**Exercise goal**. Return only the lines below starting at the line containing "Ylläs Suomi Ski" and ending at the line containing "Cake concept and", both included, exactly as they are and with no pictures.

**Input**.

━━━━

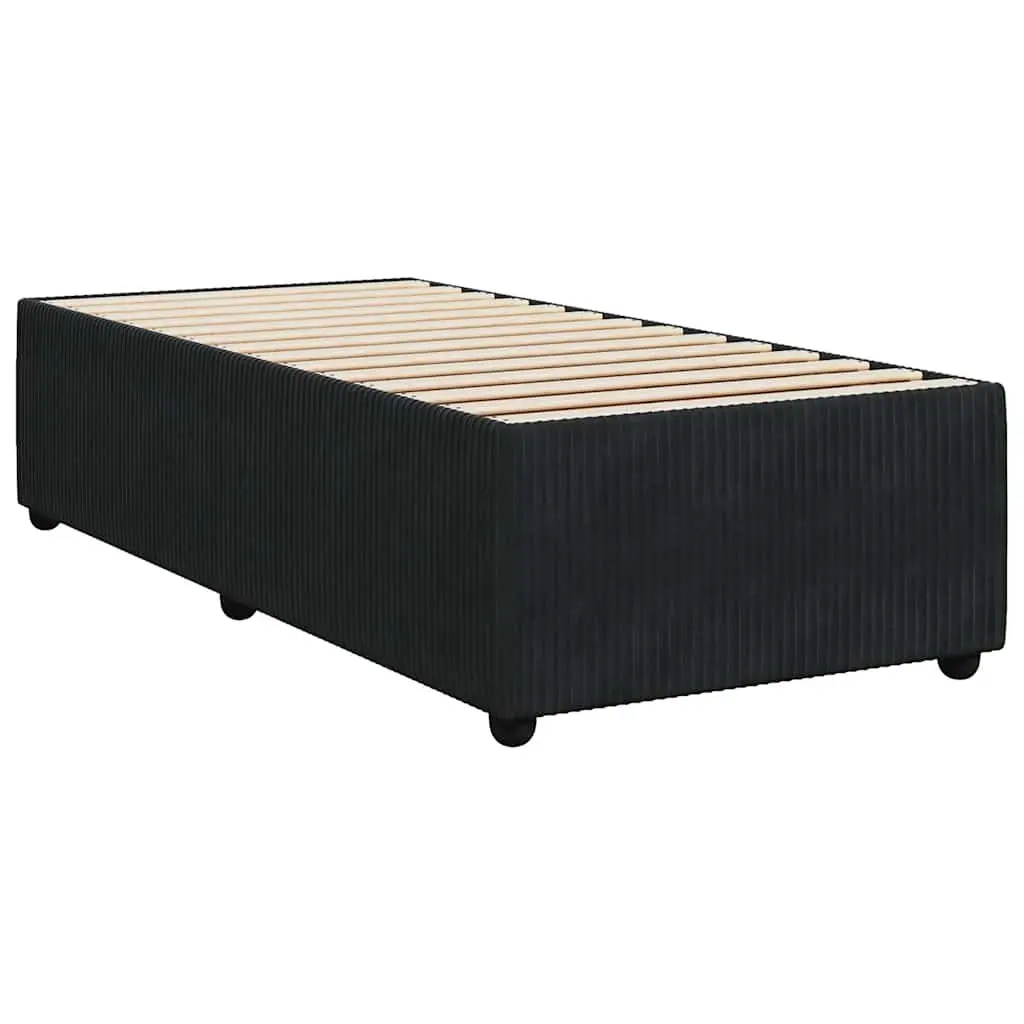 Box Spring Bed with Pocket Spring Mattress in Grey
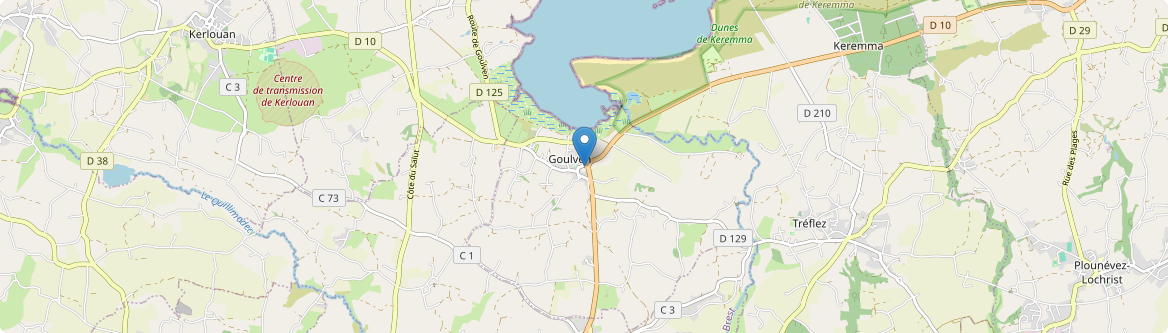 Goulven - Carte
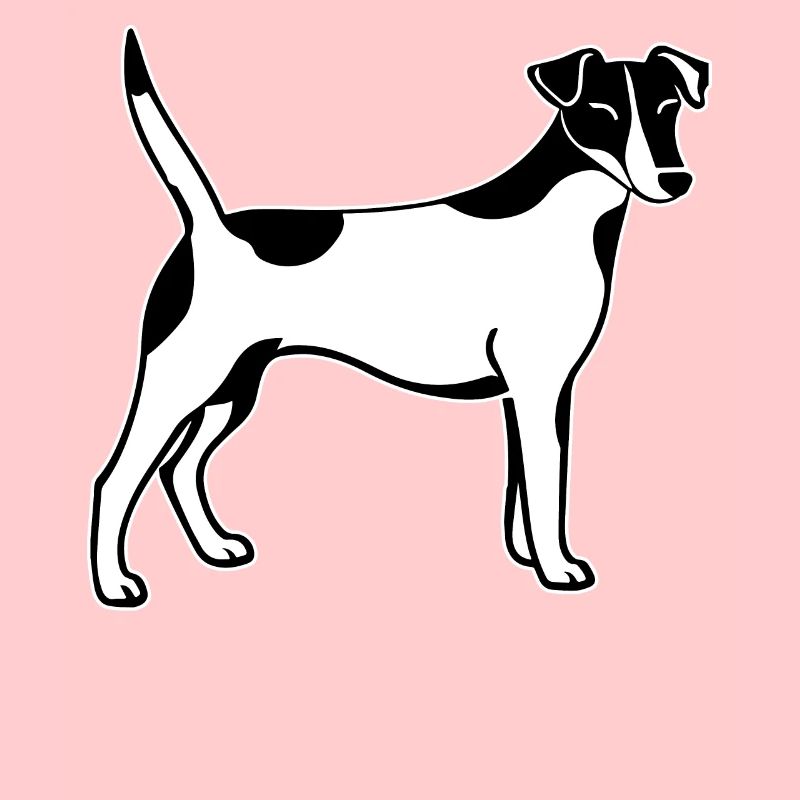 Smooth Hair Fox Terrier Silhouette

━━━━

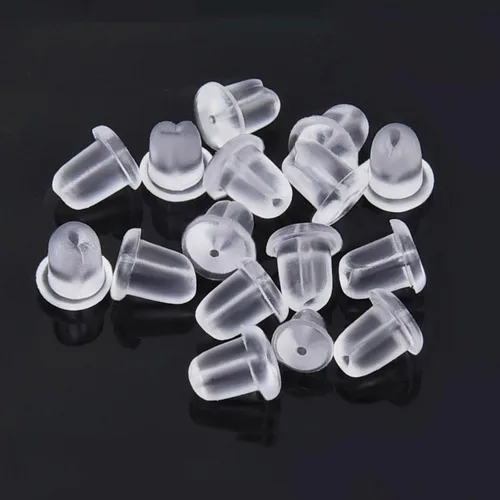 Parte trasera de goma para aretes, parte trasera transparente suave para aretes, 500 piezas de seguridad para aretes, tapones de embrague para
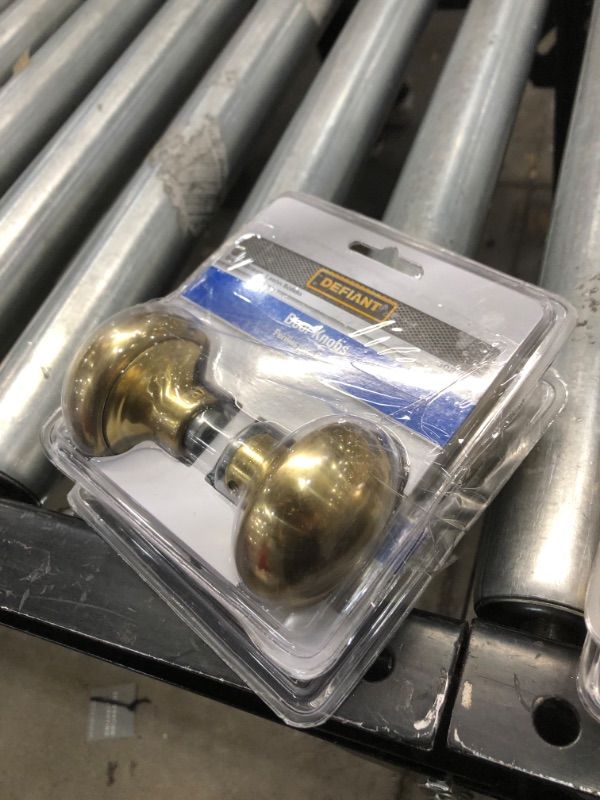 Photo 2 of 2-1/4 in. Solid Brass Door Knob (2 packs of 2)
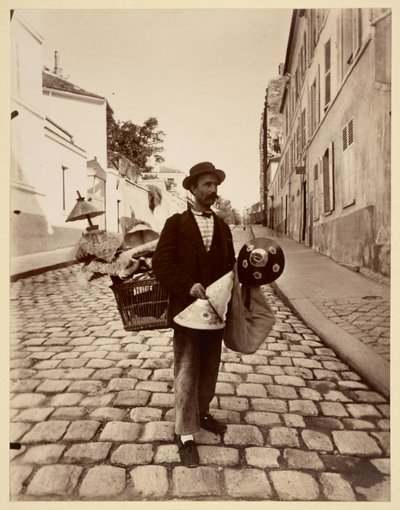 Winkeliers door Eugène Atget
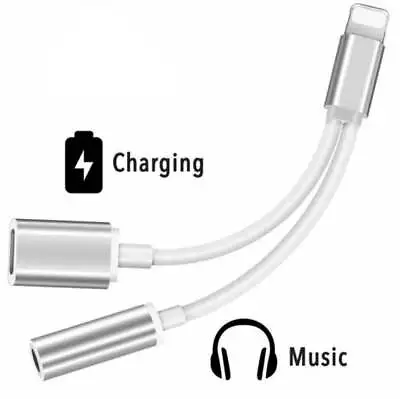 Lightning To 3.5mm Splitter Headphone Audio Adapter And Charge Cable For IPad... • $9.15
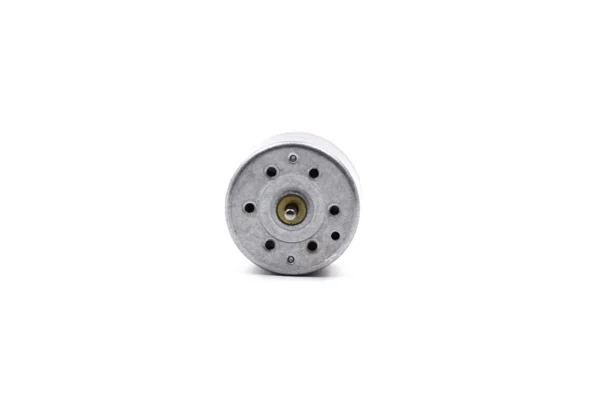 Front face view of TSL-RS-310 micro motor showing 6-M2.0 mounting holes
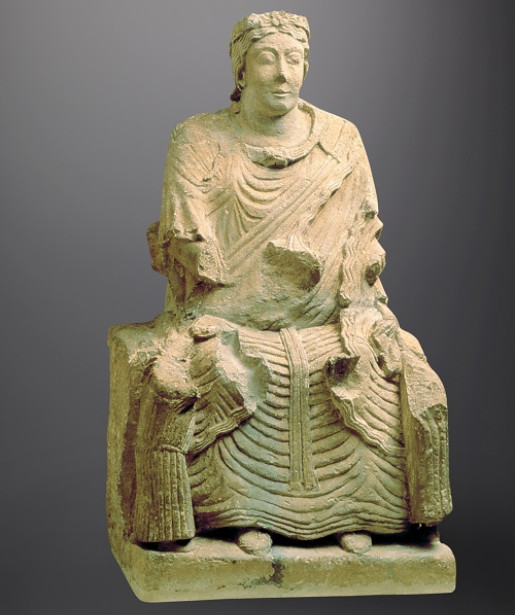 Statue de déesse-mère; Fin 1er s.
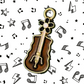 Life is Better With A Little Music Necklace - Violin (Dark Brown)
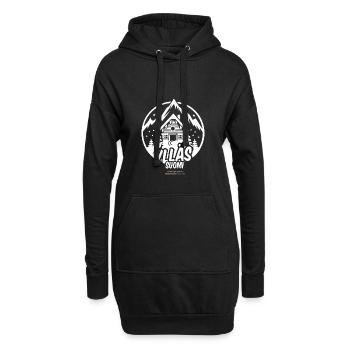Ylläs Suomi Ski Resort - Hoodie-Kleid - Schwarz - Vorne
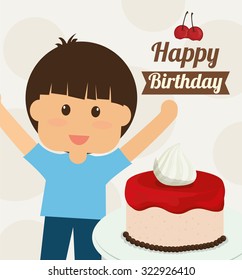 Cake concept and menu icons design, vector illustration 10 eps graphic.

━━━━

**Answer to this problem**.
Ylläs Suomi Ski Resort - Hoodie-Kleid - Schwarz - Vorne
 Cake concept and menu icons design, vector illustration 10 eps graphic.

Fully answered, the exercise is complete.